“My dear, I am quite well pleased with you,” went on the older woman. “If you handle all your affairs so sensibly, you have a brilliant future before you.”

Gail’s eyelids closed; the long, brown lashes curved down on her cheeks, revealing just a sparkle of brightness, while the mischievous little smile twitched at the corners of her lips.

“If you were an ordinary girl, I would urge you, to-night, to make a selection among the exceptionally excellent matrimonial material of which you have a choice, but, with your extraordinary talents and beauty, my advice is just to the contrary. You should delay until you have had a wider opportunity for judgment. You have not as yet shown any marked preference, I hope.”
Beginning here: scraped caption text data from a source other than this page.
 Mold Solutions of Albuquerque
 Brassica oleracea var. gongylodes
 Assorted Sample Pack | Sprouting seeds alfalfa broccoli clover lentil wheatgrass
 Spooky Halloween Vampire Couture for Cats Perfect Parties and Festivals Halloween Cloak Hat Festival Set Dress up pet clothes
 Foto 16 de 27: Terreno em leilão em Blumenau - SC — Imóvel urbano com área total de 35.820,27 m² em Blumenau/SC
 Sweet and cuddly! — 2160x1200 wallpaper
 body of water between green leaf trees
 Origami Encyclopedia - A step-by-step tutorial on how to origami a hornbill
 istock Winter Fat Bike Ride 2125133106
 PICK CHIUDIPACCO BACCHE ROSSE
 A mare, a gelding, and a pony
Gail’s quite unreasoning impulse was to giggle, but she clothed her voice demurely.

“No, Aunt Helen.”

“You are remarkably wise,” complimented Aunt Helen, a bit of appreciation which quite checked Gail’s impulse to giggle. “In the meantime, it is just as well to study your opportunities. Of course there’s Dick Rodley, whom no one considers seriously, and Willis Cunningham, whose one and only drawback is such questionable health that he might persistently interfere with your social activities. Houston Van Ploon, I am frank to say, is the most eligible of all, and to have attracted his attention is a distinct triumph. Mr. Allison, while rather advanced in years—”

“Please!” cried Gail. “You’d think I was a horse.”

“I know just how you feel,” stated Aunt Helen, entirely unruffled; “but you have your future to consider, and I wish to invite your confidence,” and in her voice there was the quaver of much concern.

“Thank you, Aunt Helen,” said Gail, realising the sincerity of the older woman’s intentions, and, putting her arms around Mrs. Davies’ neck, she kissed her. “It is dear of you to take so much interest.”

“I think it’s pride,” confessed Mrs. Davies, naïvely. “I won’t keep you up a minute longer, Gail. Go to bed, and get all the sleep you can. Only sleep will keep those roses in your cheeks. Good-night,” and with a parting caress, she went to her own room, with a sense of a duty well performed.